Abstract

The editors of this book open their preface on a note of surprise: ‘In our era of dialogue and heightened awareness of the other, theologians seem to be discovering a rather odd resource: the thought of the thirteenth-century Dominican friar, Thomas Aquinas’ (p. vii). One cannot help remarking that this surprise may itself seem rather odd to those who have spent time and energy reading and teaching the works of the great theologian and finding in them profound riches of theology and philosophy. However, it is, perhaps, understandable to those who have not been professionally engaged in this activity for, as the editors point out, there still persists a perception of Thomas Aquinas as the supreme Scholastic: one for whom, it would seem, dialogue ‘has become unnecessary because there is nothing new to learn’. After all, as Charles Williams observed in his history of the Church, The Descent of the Dove, the excitement of medieval disputation ‘lay in pointing out that your opponent's arguments, if prolonged, would result in a denial of the formally correct answers with which he was supposed to concur’ (p. 109). On these grounds one can see why it might seem that any attempt at bringing the Angelic Doctor into dialogue with anyone outside the charmed circle of those who shared the same suppositions would be singularly unrewarding. What kind of conversation could there be? For it has to be admitted that Thomas, like many of his contemporaries, was for a long while confined within a historical and theological framework which hindered any fruitful encounter with any system of thought that was perceived to be beyond the boundaries of that framework. It is only relatively recently that these boundaries have been recognized as permeable.
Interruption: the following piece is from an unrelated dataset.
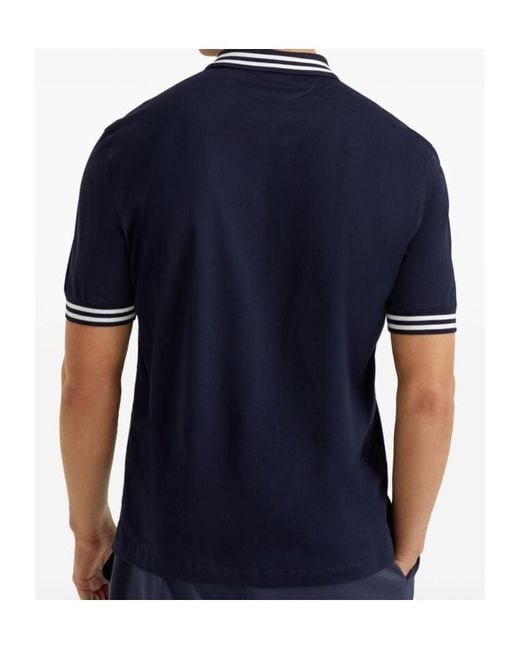 Brunello Cucinelli Blue Logo Embroidered Short-Sleeved Polo Shirt for men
The opening out of this closed system gathered pace during the last century and the present volume of essays represents another stage of the process of releasing the medieval thinkers, and Thomas in particular, from the constraints of former ages. It is a striking demonstration of the fact that the strict forms under which the Schoolmen conducted their theological investigations need not prevent the richness of their thought from informing, in interesting and helpful ways, many of our contemporary problems and preoccupations.